The big push on data centres comes at a time when India is gearing up to take the centre stage in global discourse on Artificial Intelligence. It is expected to position India not just as a consumer of global cloud and AI services, but as a thriving base for the world’s digital backbone.
Presenting the Budget, Finance Minister Nirmala Sitharaman said: “Recognising the need to enable critical infrastructure and boost investment in data centres, I propose to provide tax holiday till 2047 to any foreign company that provides cloud services to customers globally by using data centre services from India.” It will, however, need to provide services to Indian customers through an Indian reseller entity.

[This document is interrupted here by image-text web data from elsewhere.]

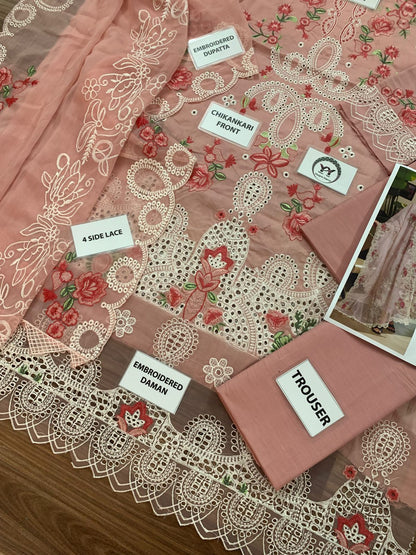 ANEELA'S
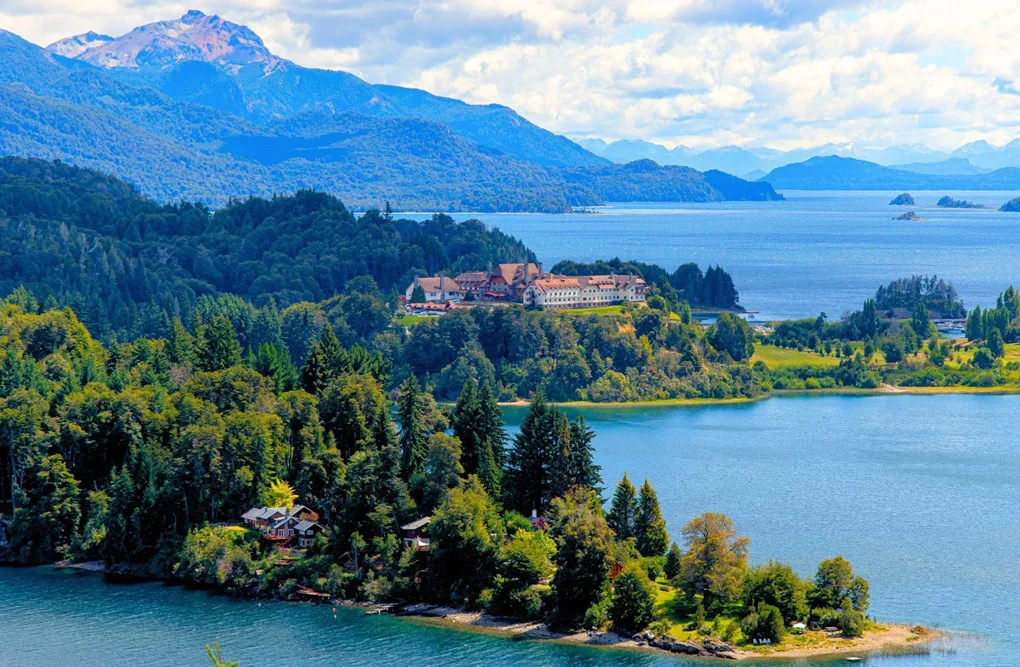 patagonia ley de tierras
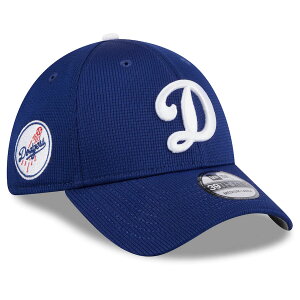 MLB �h�W���[�X �L���b�v 2024 �o�b�e�B���O�v���N�e�B�X Batting Practice 39FIFTY Flex Hat �j���[�G��/New Era ���C����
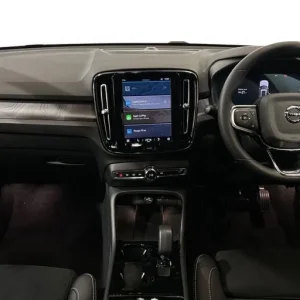 2025 Volvo EX40 Black Edition Electric Estate - Image 7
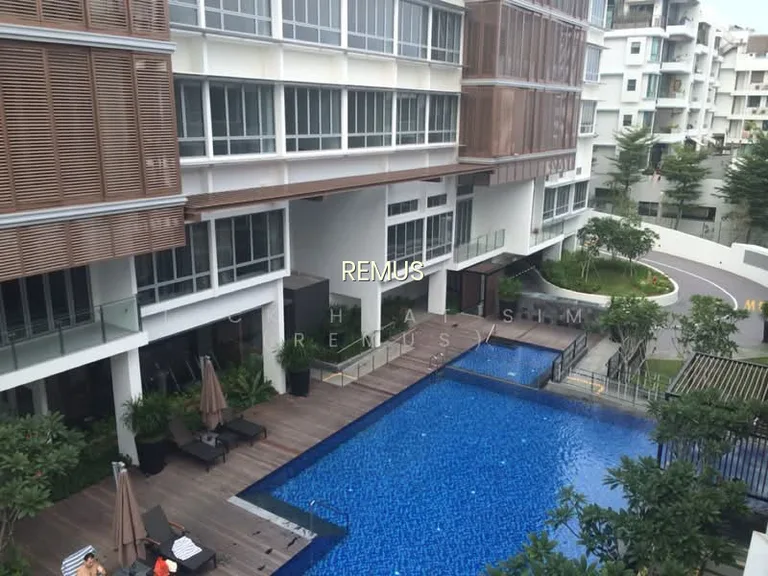 Horizon Residences image 1 of 8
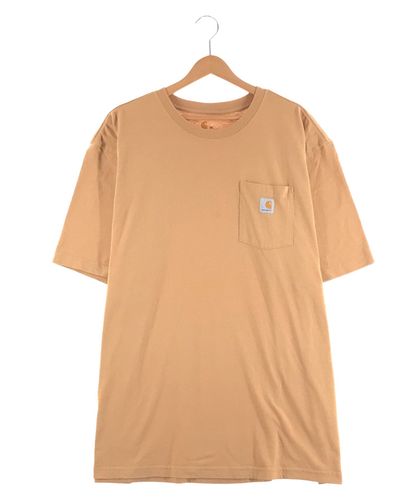 Carhartt ボーダーポロシャツ XL ワンポイントロゴ Carhartt Tシャツ ワンポイント ロゴ ポケT – WEGO ONLINE STORE
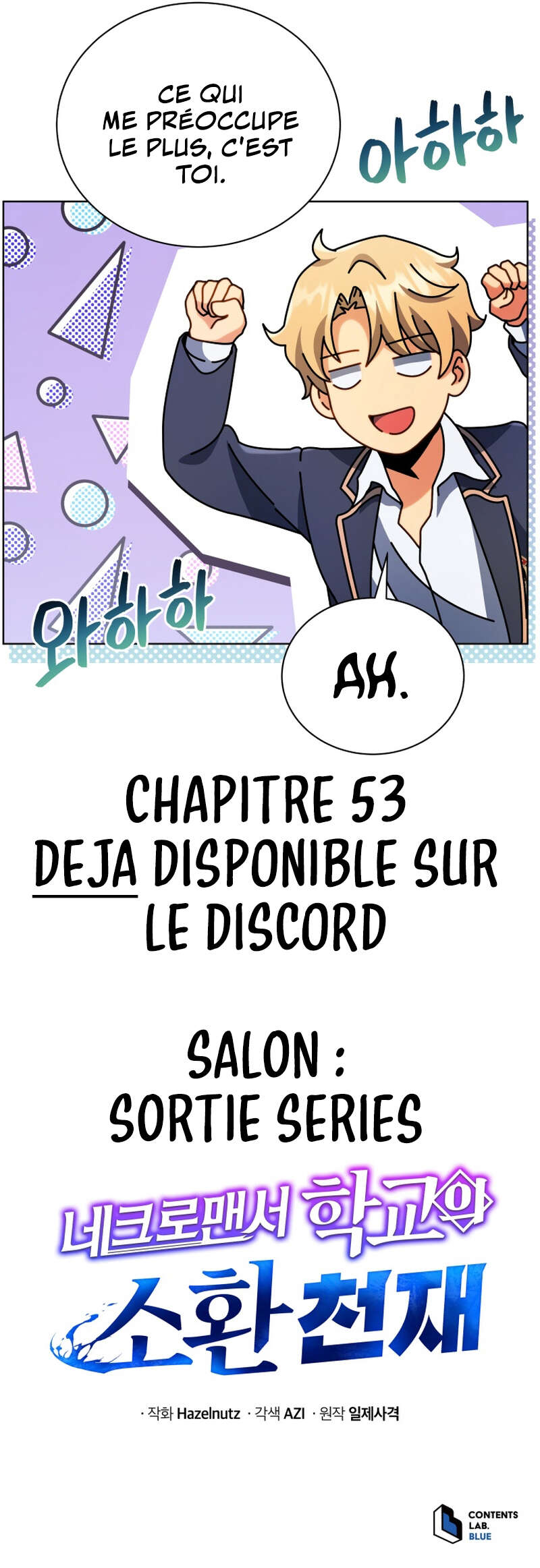 Chapitre 52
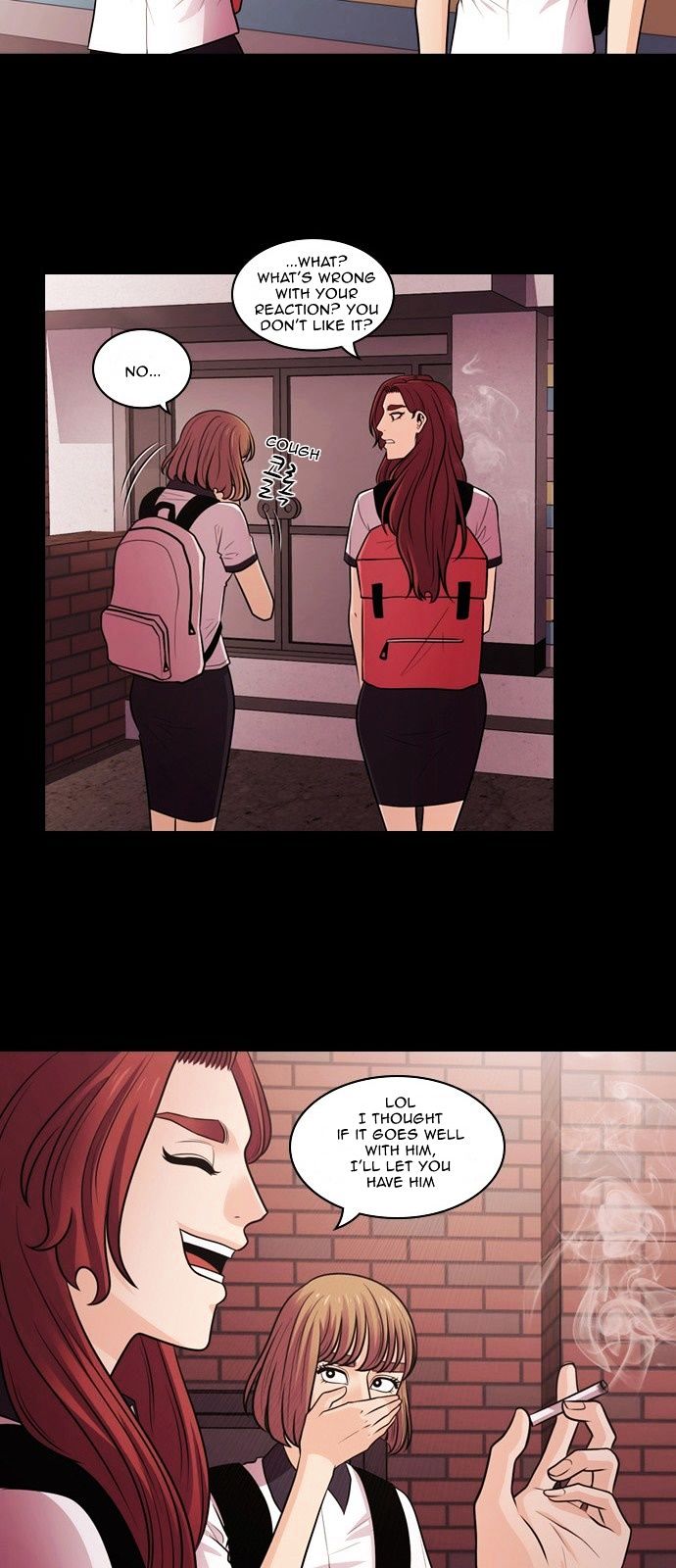 Tomorrow (Llama) Chapter 5 page 44 - Chapter 5 : Falling Flower (3)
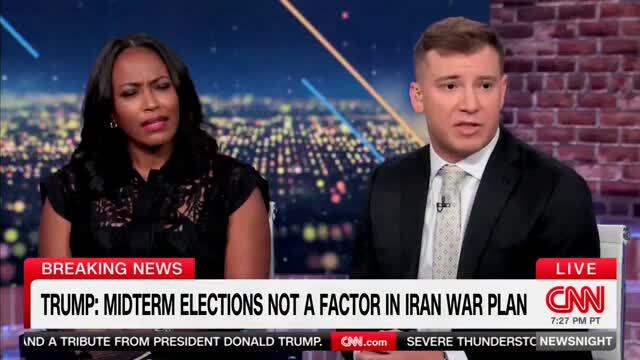 Keith Boykin Exclaims ‘You’re Still Losing the Polls’ After Jesse Arm Emphasizes that the RNC Has Outraced the DNC in Funding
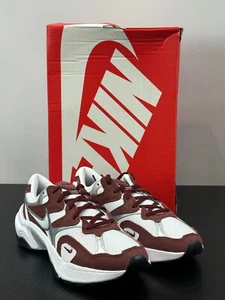 Nike Damenschuhe US 8,5 AL8 Dark Team rot/weiß #FJ3794-600 - Bild 1 von 15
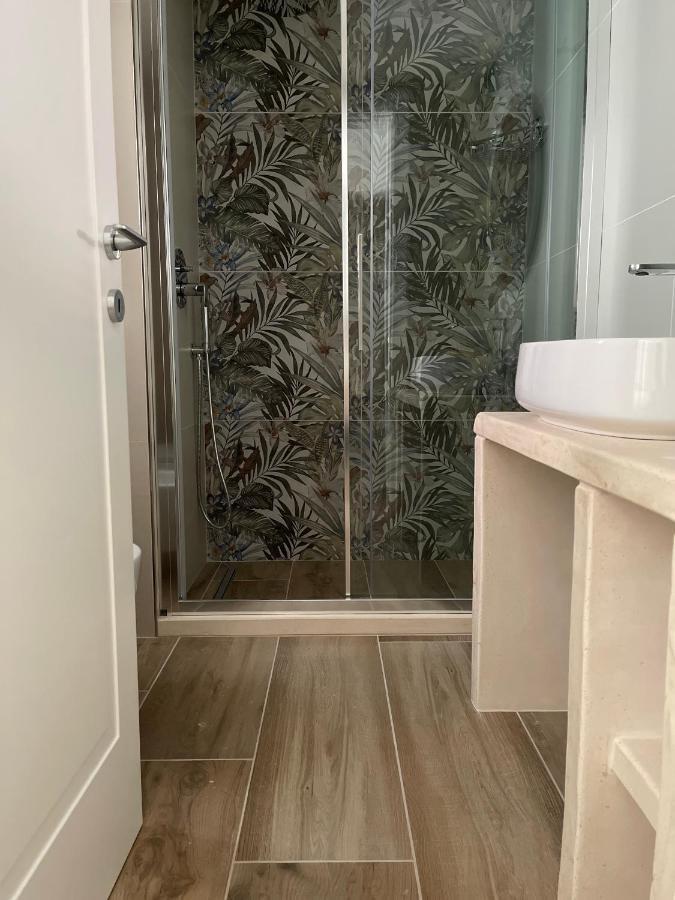 Le Dimore Del Portico Fasano Ngoại thất bức ảnh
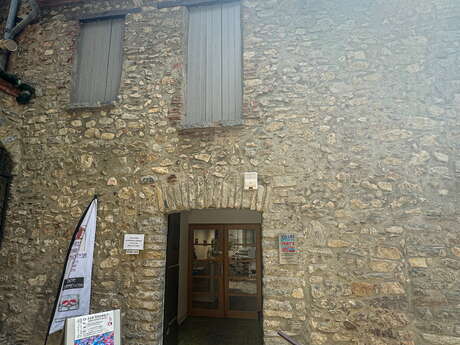 MUSÉE AL CASAL DE PALALDA (CIAP)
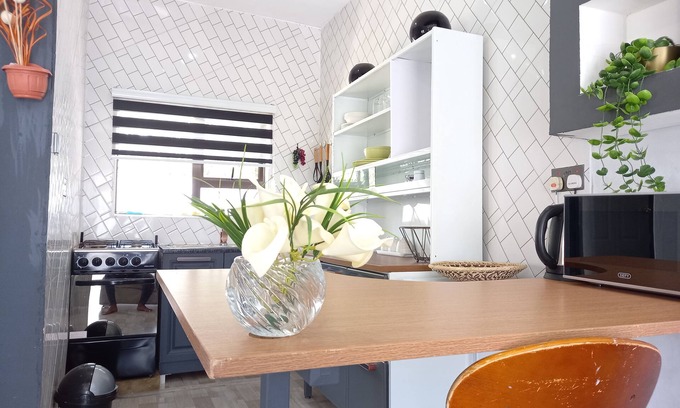 Lusaka Apartamento | Hideaway Apartments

“I also propose to provide a safe harbour of 15% on cost in case the company providing data centre services from India is a related entity,” the FM said.
Why is it significant
By linking tax benefits to serving global customers from India, the policy seeks to turn the country into an export hub for cloud computing.
As AI, cloud computing, and digital payments grow, data centres are becoming as critical as roads and power plants, forming the backbone of India’s digital economy.
Sindhu Gangadharan, SAP Labs India and Chairperson, Nasscom, said the Budget strengthens the policy backbone required for India to operate as a global technology and AI execution hub.
“The focus on cloud infrastructure and long-term clarity for cloud services directly addresses a core constraint in scaling enterprise platforms, the ability to run regulated, data-intensive workloads with confidence and continuity,” Gangadharan said.
She added that for GCCs, this creates the conditions to move beyond delivery into ownership, where India increasingly designs, builds, and runs core platforms and mission-critical systems for global enterprises.
AI Impact Summit
The tax holiday announcement comes at a time when India is eyeing a leading role in global AI conversations, with New Delhi all set to host the India AI Impact Summit, the first-ever in the Global South.
The mega conference scheduled from February 16-20, 2026, at Bharat Mandapam, New Delhi, will mark the biggest congregation on AI in the world to date, bringing together 15 global leaders and Heads of State/Government, over 40 Ministers, 100s of leading CEOs and CXOs, and eminent academics from all over the world.
IT Minister Ashwini Vaishnaw noted earlier this week that investments worth nearly $70 billion are already flowing into the AI infrastructure layer, with the potential to double by the conclusion of the Summit.
Last year, big tech companies Microsoft and Google grabbed headlines as they collectively pledged billions of dollars in fresh capital to build out gigawatt-scale data centres and sovereign AI infrastructure in India.